MR re-runs just the failed Map()s and Reduce()s. MR requires them to be pure functions:

  • they don't keep state across calls,
  • they don't read or write files other than expected MR inputs/outputs,
  • there's no hidden communication among tasks.

So re-execution yields the same output.

The requirement for pure functions is a major limitation of MR compared to other parallel programming schemes. But it's critical to MR's simplicity.

Details of map worker crashes recovery

  1. Master sees worker no longer responds to pings, crashed worker's intermediate Map output is lost but is likely needed by every Reduce task!
  2. Master re-runs, spreads tasks over other GFS replicas of input.
  3. Some Reduce workers may already have read failed worker's intermediate data. Here we depend on functional and deterministic Map()!
  4. Master need not re-run Map if Reduces have fetched all intermediate data though then a Reduce crash would then force re-execution of failed Map

Details of reduce worker crashes recovery

If reduce task does not start to write its output, just restart the reduce task on other machine.

If reduce worker crashes in the middle of writing its output. GFS has atomic rename that prevents output from being visible until complete. So it's safe for the master to re-run the Reduce tasks somewhere else.

3. What will likely limit the performance?

We care since that's the thing to optimize. CPU? memory? disk? network?

In my opinion , disk and network is much more important.

One MR job has to write intermediate result to local disk many times, it will waste a lot of time.

In 2004 authors were limited by "network cross-section bandwidth". [diagram: servers, tree of network switches]

Note all data goes over network, during Map->Reduce shuffle. Paper's root switch: 100 to 200 gigabits/second 1800 machines, so 55 megabits/second/machine.Small, e.g. much less than disk or RAM speed.

So they cared about minimizing movement of data over the network. (Datacenter networks are much faster today.)

4. How do they get good load balance?

Critical to scaling -- bad for N-1 servers to wait for 1 to finish. But some tasks likely take longer than others.

Solution: many more tasks than workers. Master hands out new tasks to workers who finish previous tasks. So no task is so big it dominates completion time (hopefully).

So faster servers do more work than slower ones, finish abt the same time.

5. For what applications doesn't MapReduce work well?

Not everything fits the map/shuffle/reduce pattern.

  • Small data, since overheads are high. E.g. not web site back-end.
  • Small updates to big data, e.g. add a few documents to a big index
  • Unpredictable reads (neither Map nor Reduce can choose input)
  • Multiple shuffles, e.g. page-rank (can use multiple MR but not very efficient)

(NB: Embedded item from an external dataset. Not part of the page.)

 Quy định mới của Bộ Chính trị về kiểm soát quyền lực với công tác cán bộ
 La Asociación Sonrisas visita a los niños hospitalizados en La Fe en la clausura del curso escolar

6. Other failures/problems

What if the master gives two workers the same Map() task?

Perhaps the master incorrectly thinks one worker died. It will tell Reduce workers about only one of them.

What if the master gives two workers the same Reduce() task?

They will both try to write the same output file on GFS! Atomic GFS rename prevents mixing; one complete file will be visible.

What if a single worker is very slow -- a "straggler"?

Perhaps due to flakey hardware.Mmaster starts a second copy of last few tasks.

0xFF Summary

MapReduce single-handedly made big cluster computation popular.

  • Not the most efficient or flexible.
  • Scales well.
  • Easy to program -- failures and data movement are hidden.